Russian hypermarket Lenta has revealed plans to list on the London Stock Exchange and then in Moscow as it hopes to raise an estimated $1bn.

Lenta shares will be offered by owners US buyout firm TPG Capital, the European Bank for Reconstruction and Development and Russia’s VTB Capital.

The value hypermarket chain said in an update to the City today that the float would aid its expansion plans. It has 77 hypermarkets across 45 Russian cities including 10 in Moscow.

However, Lenta has no plans to open stores in the UK in the “foreseeable future” a spokeswoman told Retail Week.

Lenta chief executive Jan Dunning said: “Our proposed offering represents a major milestone for us and comes at an exciting time in Lenta’s development.

“Over the past few years we have developed a distinctive, price-led hypermarket model with universal appeal and a focus on local assortment. Our efficient supply chain and standardised low-cost operating model enable us to provide customers with quality products at low prices.

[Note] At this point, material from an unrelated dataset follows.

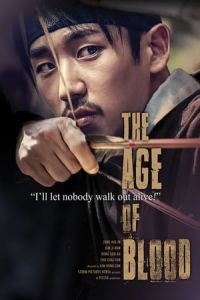 The Age of Blood (Yeokmo - Banranui Sidae) (2017)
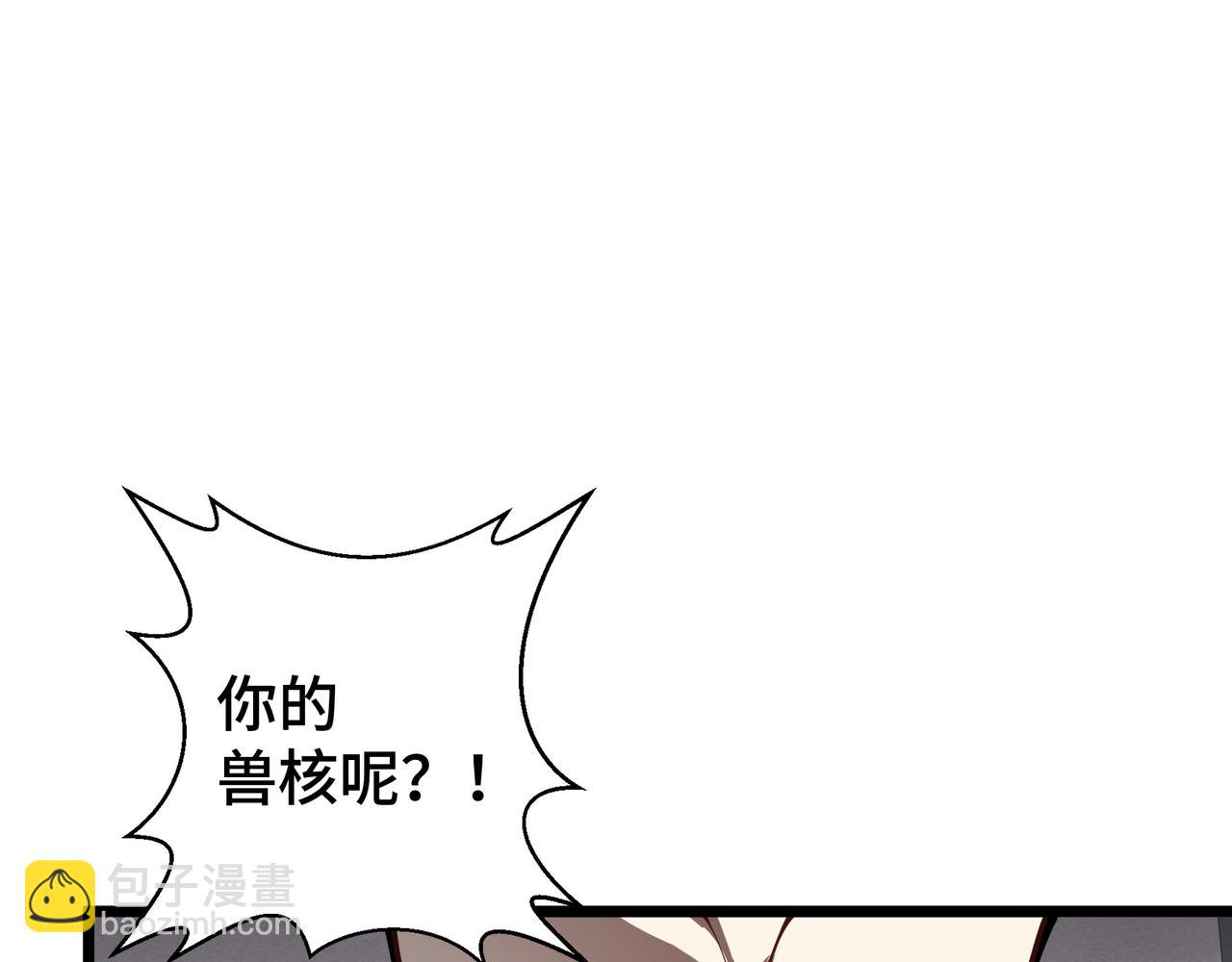 第11话 完全适配(1/4)-第12话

“Our business model and flexible store formats have a proven ability to capture the growth potential in the Russian food retail market, and Lenta is now pushing ahead with a programme of store roll-outs across Russia.”

Credit Suisse, JP Morgan and VTB Capital are acting as joint global co-ordinators and joint bookrunners, Deutsche Bank and UBS Investment Bank are acting as joint bookrunners, TPG Capital BD, LLC is a co-manager. Rothschild is financial advisor to the retailer.